Phlegmon: characterized by soft-tissue enhancement.
Vascular complications: internal carotid artery bleeding, venous sinus thrombosis, arterial pseudoaneurysms, and ischemic infarction.
Other infectious complications: meningitis, encephalitis, or intracranial abscesses.
Differential diagnosis of SBO necessitates consideration of various neoplastic entities such as NPC, metastases, clival chordoma, and non-neoplastic conditions including fibrous dysplasia, Paget’s disease, and granulomatous diseases [1].
Treatment of SBO primarily involves the administration of broad-spectrum intravenous antibiotics for a minimum duration of 3 months, with three main protocols commonly employed: aminoglycoside combined with a β-lactamase antibiotic, a third-generation cephalosporin such as Ceftazidime, or oral ciprofloxacin [2]. A recommended regimen includes intravenous administration of intravenous antibiotics for 4 to 6 weeks, followed by oral medication for 6 to 12 months, guided by clinical response [5].

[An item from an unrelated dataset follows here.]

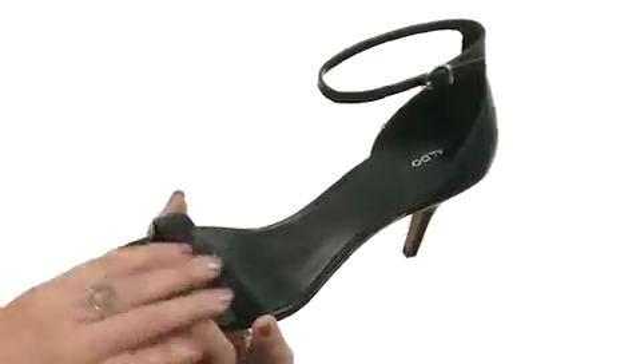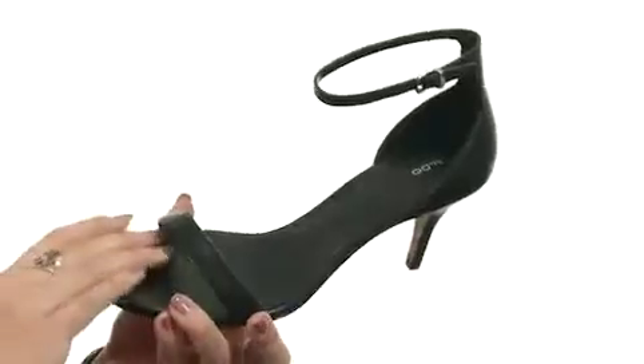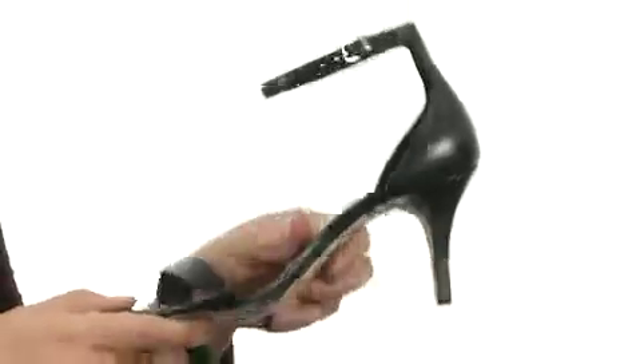This heel is made with a genuine calf leather upper that's got a single ankle strap with an adjustable buckle for a secure fit. There is an open toe and you've got a soft polyurethane lining with a lightly padded insole, all sitting on a wrapped heel for added boost in height and smooth rubber outsole. The ideal black heel that you have been looking for is right in front of you. It's from Aldo.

Despite the effectiveness of prolonged antibiotic therapy, treatment failure can occur due to compromised tissue perfusion and oxygenation [2].
The impact of adjunctive surgical measures, such as surgical debridement and sequestrectomy, remains uncertain, with conflicting evidence regarding their effect on patient survival. However, surgical intervention can facilitate the removal of necrotic tissue, thereby potentially enhancing the penetration of antibiotics [5]. In specific cases, surgery may also be indicated to alleviate pressure on cranial nerves and manage complications such as abscesses and vascular issues [1, 5].
The role of hyperbaric oxygen therapy in the treatment of SBO is not well-defined, but may confer benefits such as improved tissue oxygenation, augmentation of the immune response against bacterial pathogens, and stimulation of angiogenesis [1, 5].
In conclusion, SBO represents a complex clinical entity necessitating a multidisciplinary approach for accurate diagnosis and optimal management. Awareness of predisposing factors, clinical features, diagnostic modalities, and treatment strategies is essential for successful patient outcomes.
Conflict of interest statement
None declared.
Funding
None declared.
Consent for publication
Written informed consent for publication of their clinical details and/or clinical images was obtained from the patient.